▶ **Aim of the exercise**: Everything in the data should be repeated exactly, save for the images.

▶ **Collected material**:
────

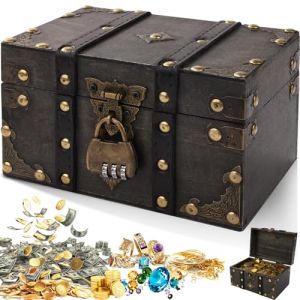 Otauoaea Coffre Trésor Vintage en Bois, Boite avec Cadenas Pirate, Coffre fort Enfant Bois a Code Boîte à Bijoux avec Couvercle Pour Enfant Tirelire pour Stockage, Décoration(Gris) (Versatile official, neuf)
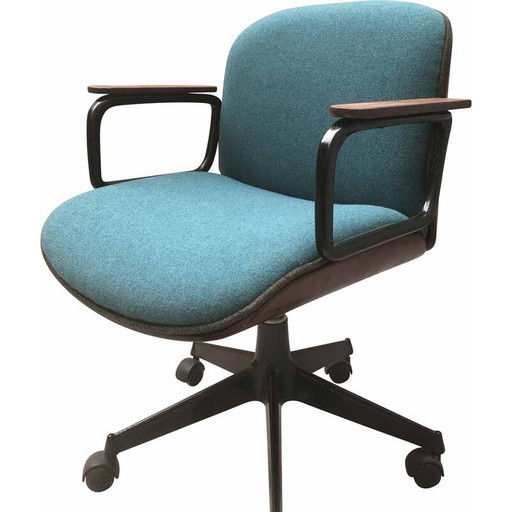 Silla de oficina vintage de palisandro y aluminio de Ico Parisi para Mim Roma, Italia, 1960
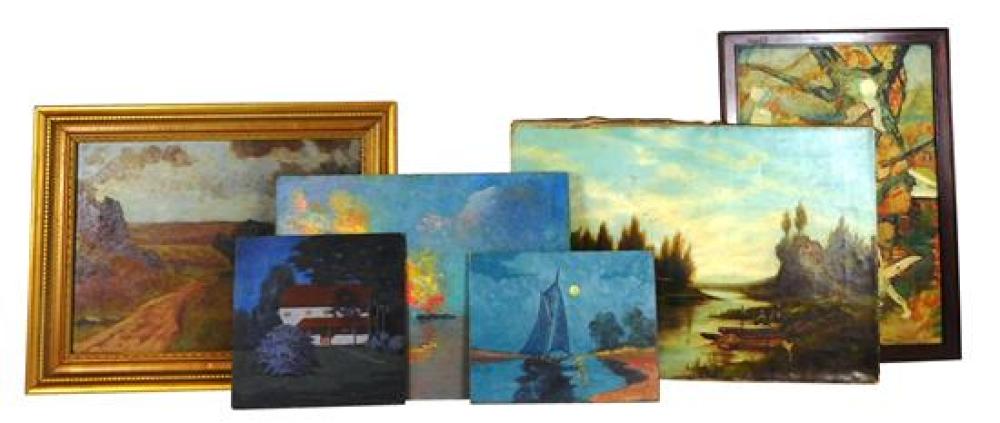 Appraisal: Six oil paintings assorted subjects including landscapes and seascapes oil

────

▶ **Response**:
 Otauoaea Coffre Trésor Vintage en Bois, Boite avec Cadenas Pirate, Coffre fort Enfant Bois a Code Boîte à Bijoux avec Couvercle Pour Enfant Tirelire pour Stockage, Décoration(Gris) (Versatile official, neuf)
 Silla de oficina vintage de palisandro y aluminio de Ico Parisi para Mim Roma, Italia, 1960
 Appraisal: Six oil paintings assorted subjects including landscapes and seascapes oil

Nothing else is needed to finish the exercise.